Milco Private Limited managed to end its streak of losses in 2020, as the state-run dairy producer and marketer has reported a profit exceeding Rs.400 million for 2020, while the management is hopeful of increasing it to a billion rupees in the coming year.
According to Milco Executive Chairman Lasantha Wickramasinghe, the company has recorded a profit of Rs.430 million in 2020, as the beleaguered dairy producer was put back into the hands of better management and resolved the bottlenecks in its supply chain since the new government came into power in November 2019.
It wasn’t clear if Wickramasinghe was referring to the bottom line of the company or the profit at operating level.
During the three years from 2017 to 2019, the company has made losses of Rs.637 million, Rs.820 million and Rs.619 million, respectively.
The removal of the Nation Building Tax (NBT) and the slashing of the Value-Added Tax (VAT) have also enabled the company to preserve money.
The state-run dairy giant was reeling with the prolonged delays in the payments and defaulted payments to the milk farmers during the last five years.

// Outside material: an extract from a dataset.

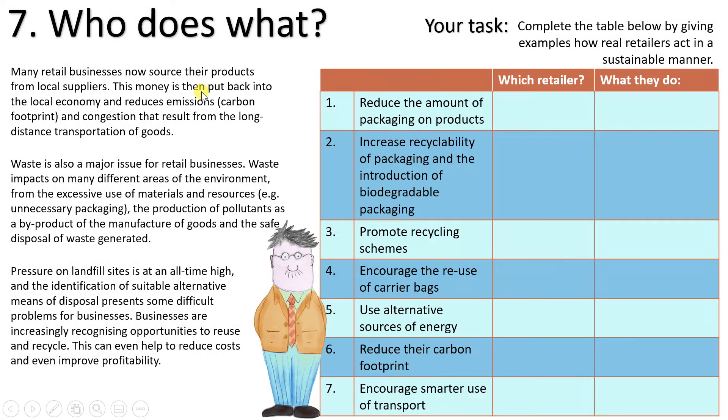Task seven — who does what: many retail businesses now source products from local suppliers, putting money back into the local economy and reducing emissions, carbon footprint, and congestion from long-distance transportation. Waste is also a major issue, impacting the environment through excessive use of materials and resources such as unnecessary packaging, production of pollutants, and safe disposal of waste. Pressure on landfill sites is at an all-time high, and businesses are increasingly recognising opportunities to reuse and recycle, which can even reduce costs and improve profitability.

Due to the lack of reliability on the payments, the farmers had built links with its private sector competitors to supply their milk.
Earlier this year, Milco, the producer and marketer of Highland-branded products, confirmed that it was facing shortages of their products due to low milk supplies from farmers.
However, since Wickramasinghe, who himself is a supply chain expert, took over in January, addressed the issues facing the farmers and payment delays to rebuild the confidence in the company.
“We have planned special programmes to provide the dairy farmers with grass next year. At the same time, we are also working towards strengthening the dairy collection network. Besides, we are also working on educating the farmers of the good dairy practices and have allocated funds for that,”
The company is also planning to introduce a new line of products into the market, this year.
Despite the availability of a myriad of competitors in the dairy products segment, there is a generational bond towards Highland-branded dairy products in the minds of the Sri Lankan consumer.
However, the consumers more often than not find Highland products missing on supermarket shelves, as the company appears to be struggling to make up with the demand.